The Manx language is "alive and well", according to experts
The Isle of Man's native language has been declared officially extinct by a United Nations organisation.
Manx Gaelic is one of 200 languages to have become extinct during the last three generations, said Unesco.
It features in its Atlas of the World's Languages in Danger, which the organisation hopes will help preserve under threat languages and dialects.
However, Manx experts say the island has "hundreds" of speakers among its 80,000 inhabitants and remains alive.
Unesco's online digital tool lists about 2,500 endangered languages around the world, but can be corrected and updated through contributions from its users.
Director-general Koichiro Matsuura said: "The death of a language leads to the disappearance of many forms of intangible cultural heritage, especially the invaluable heritage of traditions and oral expressions of the community that spoke it - from poems and legends to proverbs and jokes."
In a statement about its atlas, the organisation said: "Among the languages that have recently become extinct, it mentions Manx (Isle of Man), which died out in 1974 when Ned Maddrell fell forever silent."
The Manx language was thought to have died out in the mid-19th Century but there are now believed to be about 600 active speakers.

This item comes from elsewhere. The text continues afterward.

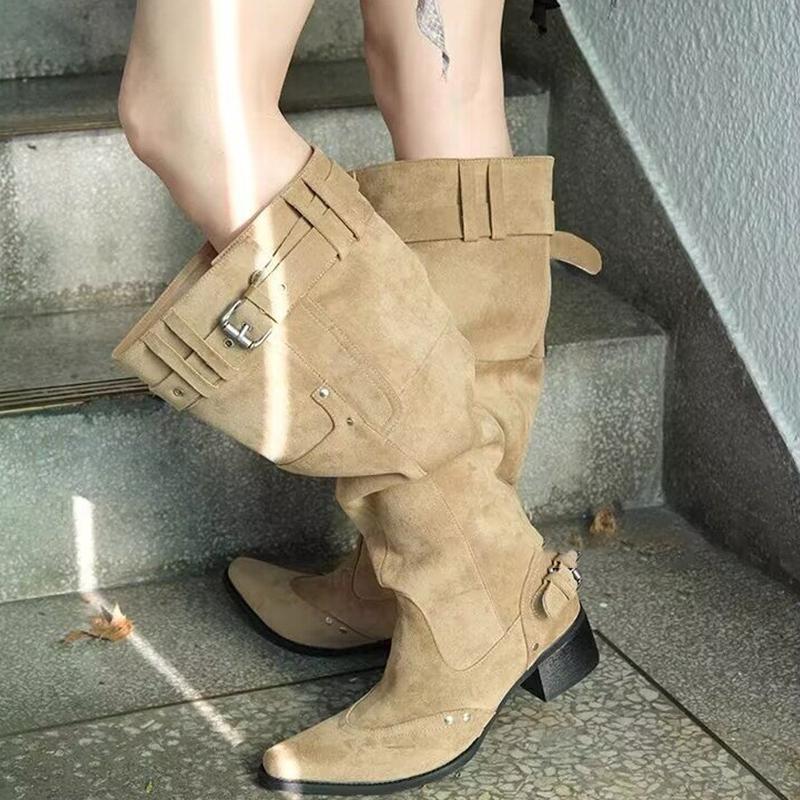 Pointed Toe Women High Boots Designer Fashion Shoes High Heels Chunky Elegant Shoes  Winter Trend Women’s Motorcycle Botas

The Isle of Man has a Manx-speaking primary school, Bunscoill Gaelgagh, which opened in 2001 and has more than 50 pupils.
'Alive and well'
Unesco admitted that certain languages shown as extinct in its atlas are being actively revitalized, and could once again become "living languages".
But Jennifer Kewley-Draskau, author of the handbook Practical Manx, said the "extinct" claim was potentially misleading.
"Unesco ought to know better than to declare Manx a dead language," said Ms Kewley-Draskau.
"There are hundreds of speakers of Manx and while people are able to have productive conversations in the language then it is very much alive and well."